>>

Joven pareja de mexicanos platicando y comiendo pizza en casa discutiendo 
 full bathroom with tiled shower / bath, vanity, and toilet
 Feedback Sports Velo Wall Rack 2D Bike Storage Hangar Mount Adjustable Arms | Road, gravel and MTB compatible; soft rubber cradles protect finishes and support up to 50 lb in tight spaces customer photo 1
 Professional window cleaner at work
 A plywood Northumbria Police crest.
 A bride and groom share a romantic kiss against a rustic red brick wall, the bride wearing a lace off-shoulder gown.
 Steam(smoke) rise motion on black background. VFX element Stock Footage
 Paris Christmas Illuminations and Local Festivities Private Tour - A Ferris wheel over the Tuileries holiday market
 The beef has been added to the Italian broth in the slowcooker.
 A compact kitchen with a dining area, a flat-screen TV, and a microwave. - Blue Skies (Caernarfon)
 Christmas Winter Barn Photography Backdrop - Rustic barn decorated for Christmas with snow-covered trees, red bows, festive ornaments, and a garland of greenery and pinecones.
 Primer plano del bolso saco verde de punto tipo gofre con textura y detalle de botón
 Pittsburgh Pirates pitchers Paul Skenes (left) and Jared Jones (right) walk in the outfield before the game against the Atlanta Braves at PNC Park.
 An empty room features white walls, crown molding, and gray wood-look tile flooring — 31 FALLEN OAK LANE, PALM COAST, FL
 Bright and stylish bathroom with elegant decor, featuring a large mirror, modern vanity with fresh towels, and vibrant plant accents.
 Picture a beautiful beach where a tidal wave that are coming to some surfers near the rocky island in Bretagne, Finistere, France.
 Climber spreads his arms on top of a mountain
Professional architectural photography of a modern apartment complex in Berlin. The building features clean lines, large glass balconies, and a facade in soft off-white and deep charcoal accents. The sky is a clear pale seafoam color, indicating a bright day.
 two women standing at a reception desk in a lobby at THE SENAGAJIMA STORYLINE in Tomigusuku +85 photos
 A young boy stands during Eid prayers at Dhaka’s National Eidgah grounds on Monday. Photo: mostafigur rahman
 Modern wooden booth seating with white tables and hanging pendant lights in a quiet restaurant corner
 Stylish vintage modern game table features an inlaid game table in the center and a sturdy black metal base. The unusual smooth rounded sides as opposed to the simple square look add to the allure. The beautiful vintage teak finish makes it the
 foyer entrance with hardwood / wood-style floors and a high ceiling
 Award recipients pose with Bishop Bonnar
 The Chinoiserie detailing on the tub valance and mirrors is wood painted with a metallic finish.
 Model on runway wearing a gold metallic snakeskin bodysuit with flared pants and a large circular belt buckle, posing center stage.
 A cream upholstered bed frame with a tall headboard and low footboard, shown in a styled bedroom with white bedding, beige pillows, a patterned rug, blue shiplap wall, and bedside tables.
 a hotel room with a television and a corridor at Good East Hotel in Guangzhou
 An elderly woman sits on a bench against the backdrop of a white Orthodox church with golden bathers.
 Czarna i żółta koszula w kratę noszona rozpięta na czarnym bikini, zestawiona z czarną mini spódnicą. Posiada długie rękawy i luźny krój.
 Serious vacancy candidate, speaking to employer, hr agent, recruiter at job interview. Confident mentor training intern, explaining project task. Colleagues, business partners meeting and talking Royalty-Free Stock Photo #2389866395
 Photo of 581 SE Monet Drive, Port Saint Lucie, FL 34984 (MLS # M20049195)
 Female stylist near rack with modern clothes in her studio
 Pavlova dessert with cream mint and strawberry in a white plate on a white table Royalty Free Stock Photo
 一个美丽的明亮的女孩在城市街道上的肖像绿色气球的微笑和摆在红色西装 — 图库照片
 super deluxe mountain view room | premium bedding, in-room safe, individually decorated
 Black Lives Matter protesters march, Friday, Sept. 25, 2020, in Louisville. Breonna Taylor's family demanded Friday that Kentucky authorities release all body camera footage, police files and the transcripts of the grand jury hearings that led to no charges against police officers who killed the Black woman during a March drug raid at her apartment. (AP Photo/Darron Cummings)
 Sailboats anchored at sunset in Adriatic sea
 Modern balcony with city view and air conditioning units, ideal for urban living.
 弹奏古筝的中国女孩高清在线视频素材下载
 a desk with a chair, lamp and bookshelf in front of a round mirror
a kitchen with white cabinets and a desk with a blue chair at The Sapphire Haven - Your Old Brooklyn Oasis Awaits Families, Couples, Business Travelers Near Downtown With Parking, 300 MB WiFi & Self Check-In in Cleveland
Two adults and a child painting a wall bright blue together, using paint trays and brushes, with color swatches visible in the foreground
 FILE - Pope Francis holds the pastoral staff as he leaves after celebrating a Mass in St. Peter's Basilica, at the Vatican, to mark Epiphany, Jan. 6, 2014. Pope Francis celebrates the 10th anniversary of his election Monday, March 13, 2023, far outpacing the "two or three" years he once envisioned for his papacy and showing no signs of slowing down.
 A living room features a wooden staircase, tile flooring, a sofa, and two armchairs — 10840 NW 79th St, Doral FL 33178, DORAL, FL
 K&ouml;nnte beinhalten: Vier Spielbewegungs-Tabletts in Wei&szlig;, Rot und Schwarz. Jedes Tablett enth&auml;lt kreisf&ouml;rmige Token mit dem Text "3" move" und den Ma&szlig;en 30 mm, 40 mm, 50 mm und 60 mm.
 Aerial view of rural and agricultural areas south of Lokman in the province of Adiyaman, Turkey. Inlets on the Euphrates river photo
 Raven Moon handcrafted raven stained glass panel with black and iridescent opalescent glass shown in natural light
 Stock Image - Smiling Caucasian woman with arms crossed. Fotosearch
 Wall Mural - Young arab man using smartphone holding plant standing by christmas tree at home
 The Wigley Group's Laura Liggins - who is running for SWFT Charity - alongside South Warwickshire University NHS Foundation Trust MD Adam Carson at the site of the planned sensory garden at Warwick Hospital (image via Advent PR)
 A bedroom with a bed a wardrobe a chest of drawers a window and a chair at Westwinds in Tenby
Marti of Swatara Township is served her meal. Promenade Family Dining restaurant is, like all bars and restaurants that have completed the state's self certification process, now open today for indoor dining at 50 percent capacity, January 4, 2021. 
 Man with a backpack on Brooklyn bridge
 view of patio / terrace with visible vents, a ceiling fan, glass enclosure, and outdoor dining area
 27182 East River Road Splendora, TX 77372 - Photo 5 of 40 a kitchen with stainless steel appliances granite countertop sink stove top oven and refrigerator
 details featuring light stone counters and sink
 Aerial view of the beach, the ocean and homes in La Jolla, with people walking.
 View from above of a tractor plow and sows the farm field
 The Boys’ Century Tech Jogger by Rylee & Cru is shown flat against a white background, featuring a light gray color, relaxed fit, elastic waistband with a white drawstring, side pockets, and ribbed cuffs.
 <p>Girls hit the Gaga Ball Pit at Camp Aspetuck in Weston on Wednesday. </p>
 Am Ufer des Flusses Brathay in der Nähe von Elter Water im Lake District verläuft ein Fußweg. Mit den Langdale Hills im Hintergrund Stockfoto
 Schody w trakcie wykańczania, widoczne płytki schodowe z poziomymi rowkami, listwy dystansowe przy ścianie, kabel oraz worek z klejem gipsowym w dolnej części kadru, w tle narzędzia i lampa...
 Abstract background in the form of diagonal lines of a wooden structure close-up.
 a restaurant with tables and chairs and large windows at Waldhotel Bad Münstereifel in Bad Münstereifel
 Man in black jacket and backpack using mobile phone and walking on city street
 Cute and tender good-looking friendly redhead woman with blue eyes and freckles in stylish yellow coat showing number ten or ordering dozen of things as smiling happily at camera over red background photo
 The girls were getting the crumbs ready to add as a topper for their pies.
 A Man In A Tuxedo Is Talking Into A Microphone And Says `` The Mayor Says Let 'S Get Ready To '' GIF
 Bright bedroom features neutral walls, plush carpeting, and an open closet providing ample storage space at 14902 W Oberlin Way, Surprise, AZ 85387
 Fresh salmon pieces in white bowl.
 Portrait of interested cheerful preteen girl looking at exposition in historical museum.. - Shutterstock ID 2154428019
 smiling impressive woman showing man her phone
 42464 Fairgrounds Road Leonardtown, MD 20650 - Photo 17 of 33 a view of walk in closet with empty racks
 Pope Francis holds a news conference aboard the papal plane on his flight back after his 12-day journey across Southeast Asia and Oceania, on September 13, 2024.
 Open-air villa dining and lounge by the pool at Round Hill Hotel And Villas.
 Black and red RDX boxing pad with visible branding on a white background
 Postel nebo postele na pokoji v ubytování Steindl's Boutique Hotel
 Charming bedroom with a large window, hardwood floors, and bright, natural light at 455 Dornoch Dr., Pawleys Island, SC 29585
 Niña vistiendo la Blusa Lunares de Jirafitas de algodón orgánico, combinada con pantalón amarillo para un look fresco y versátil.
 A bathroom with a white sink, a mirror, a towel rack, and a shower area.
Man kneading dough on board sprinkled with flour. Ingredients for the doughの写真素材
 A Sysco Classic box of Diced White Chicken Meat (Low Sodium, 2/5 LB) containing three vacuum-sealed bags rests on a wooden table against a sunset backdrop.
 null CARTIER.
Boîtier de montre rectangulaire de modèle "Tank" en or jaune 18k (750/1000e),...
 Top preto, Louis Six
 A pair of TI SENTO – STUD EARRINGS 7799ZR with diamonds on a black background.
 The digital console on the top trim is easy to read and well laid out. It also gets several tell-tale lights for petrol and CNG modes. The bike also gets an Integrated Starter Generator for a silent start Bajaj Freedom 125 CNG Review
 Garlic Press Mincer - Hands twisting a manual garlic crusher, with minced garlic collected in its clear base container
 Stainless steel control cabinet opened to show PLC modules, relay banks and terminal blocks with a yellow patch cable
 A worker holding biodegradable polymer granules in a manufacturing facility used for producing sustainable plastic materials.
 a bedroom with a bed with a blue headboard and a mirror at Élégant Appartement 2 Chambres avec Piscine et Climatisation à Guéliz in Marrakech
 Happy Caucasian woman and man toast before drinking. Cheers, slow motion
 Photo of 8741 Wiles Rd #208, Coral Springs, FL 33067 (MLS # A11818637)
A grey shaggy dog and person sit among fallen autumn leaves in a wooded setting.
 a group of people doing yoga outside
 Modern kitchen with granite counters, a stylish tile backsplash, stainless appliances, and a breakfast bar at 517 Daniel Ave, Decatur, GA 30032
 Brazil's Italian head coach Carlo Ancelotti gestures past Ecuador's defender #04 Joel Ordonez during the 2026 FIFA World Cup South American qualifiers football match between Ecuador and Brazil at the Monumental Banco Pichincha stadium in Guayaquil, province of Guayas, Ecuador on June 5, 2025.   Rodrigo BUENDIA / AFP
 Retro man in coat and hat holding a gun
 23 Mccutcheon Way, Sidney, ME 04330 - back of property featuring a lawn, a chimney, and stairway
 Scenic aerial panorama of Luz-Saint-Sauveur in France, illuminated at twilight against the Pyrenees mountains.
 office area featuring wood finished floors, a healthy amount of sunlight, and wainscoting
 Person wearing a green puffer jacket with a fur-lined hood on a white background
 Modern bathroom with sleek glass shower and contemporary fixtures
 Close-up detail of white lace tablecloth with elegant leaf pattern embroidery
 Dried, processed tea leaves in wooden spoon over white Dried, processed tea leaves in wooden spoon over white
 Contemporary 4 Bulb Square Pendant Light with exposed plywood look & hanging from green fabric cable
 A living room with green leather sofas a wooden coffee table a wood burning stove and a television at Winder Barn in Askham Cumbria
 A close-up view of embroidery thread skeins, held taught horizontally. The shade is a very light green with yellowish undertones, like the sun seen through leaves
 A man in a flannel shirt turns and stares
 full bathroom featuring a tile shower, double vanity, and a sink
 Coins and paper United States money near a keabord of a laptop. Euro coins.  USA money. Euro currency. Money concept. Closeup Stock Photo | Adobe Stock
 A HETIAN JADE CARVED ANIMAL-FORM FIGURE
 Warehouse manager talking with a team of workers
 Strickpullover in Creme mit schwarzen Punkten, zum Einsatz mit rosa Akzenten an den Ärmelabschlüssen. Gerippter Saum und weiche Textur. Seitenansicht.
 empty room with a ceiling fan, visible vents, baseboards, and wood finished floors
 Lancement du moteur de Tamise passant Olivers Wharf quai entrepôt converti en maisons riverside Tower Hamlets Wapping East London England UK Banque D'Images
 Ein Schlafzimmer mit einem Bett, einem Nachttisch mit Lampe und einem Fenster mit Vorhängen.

<<

WORK REQUEST. Restate word for word only the lines above from the line containing "Modern wooden booth" to the line containing "a hotel room", both of them included.

TASK RESULT.
 Modern wooden booth seating with white tables and hanging pendant lights in a quiet restaurant corner
 Stylish vintage modern game table features an inlaid game table in the center and a sturdy black metal base. The unusual smooth rounded sides as opposed to the simple square look add to the allure. The beautiful vintage teak finish makes it the
 foyer entrance with hardwood / wood-style floors and a high ceiling
 Award recipients pose with Bishop Bonnar
 The Chinoiserie detailing on the tub valance and mirrors is wood painted with a metallic finish.
 Model on runway wearing a gold metallic snakeskin bodysuit with flared pants and a large circular belt buckle, posing center stage.
 A cream upholstered bed frame with a tall headboard and low footboard, shown in a styled bedroom with white bedding, beige pillows, a patterned rug, blue shiplap wall, and bedside tables.
 a hotel room with a television and a corridor at Good East Hotel in Guangzhou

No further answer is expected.